** DATA SHOWN follows **
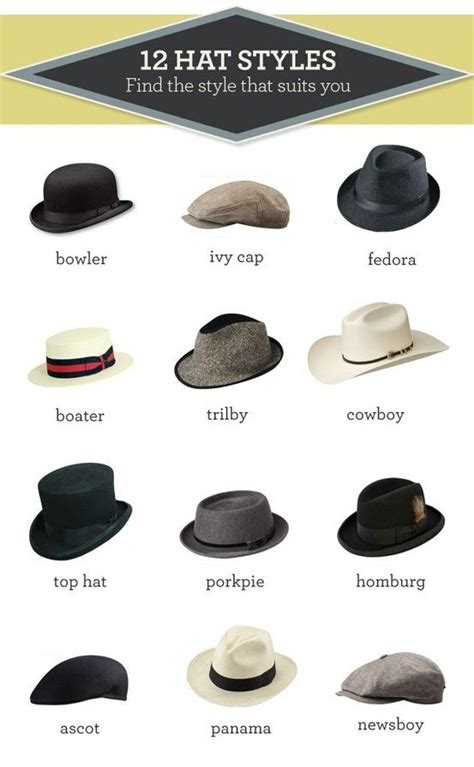 hats I love is the Trilby , the Top hat and Mr watson's bowlers hat | Hat fashion, Hats for men ...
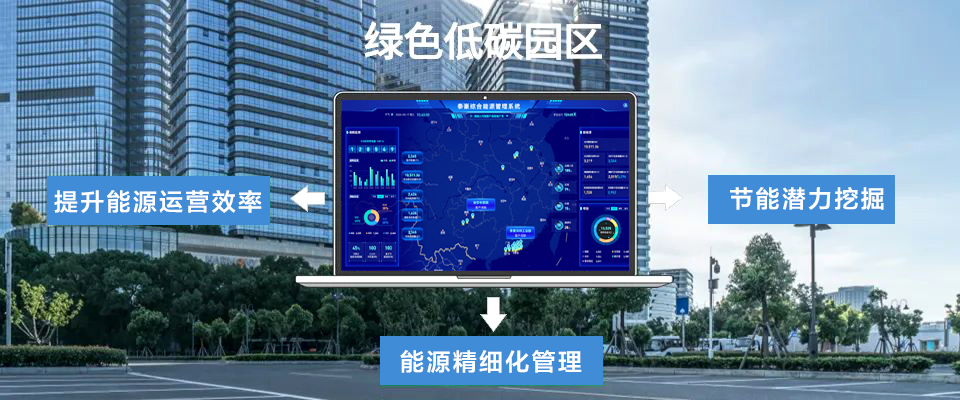 泰豪智能電氣綜合能源管理系統(tǒng)——助力園區(qū)低碳轉(zhuǎn)型，拓展能源運營新場景(圖2)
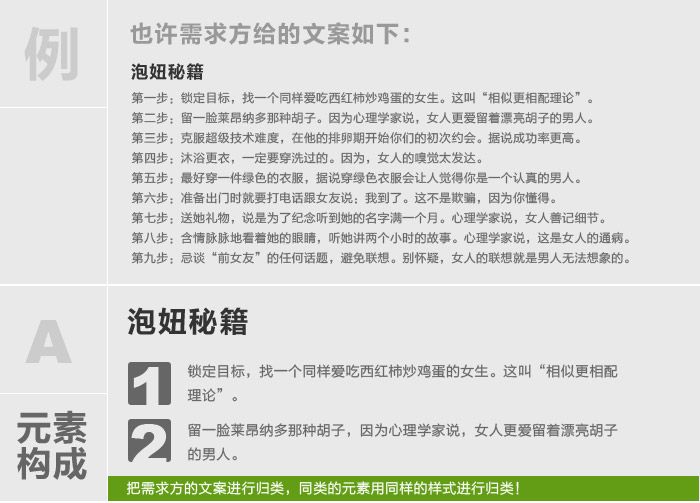 专题页设计的5个基本功(阿里巴巴UED 山木)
** End of DATA SHOWN **
> EXERCISE INSTRUCTIONS: From the first line to the last, retype the data above exactly, but not its images.

> FINISHED TASK:
 hats I love is the Trilby , the Top hat and Mr watson's bowlers hat | Hat fashion, Hats for men ...
 泰豪智能電氣綜合能源管理系統(tǒng)——助力園區(qū)低碳轉(zhuǎn)型，拓展能源運營新場景(圖2)
 专题页设计的5个基本功(阿里巴巴UED 山木)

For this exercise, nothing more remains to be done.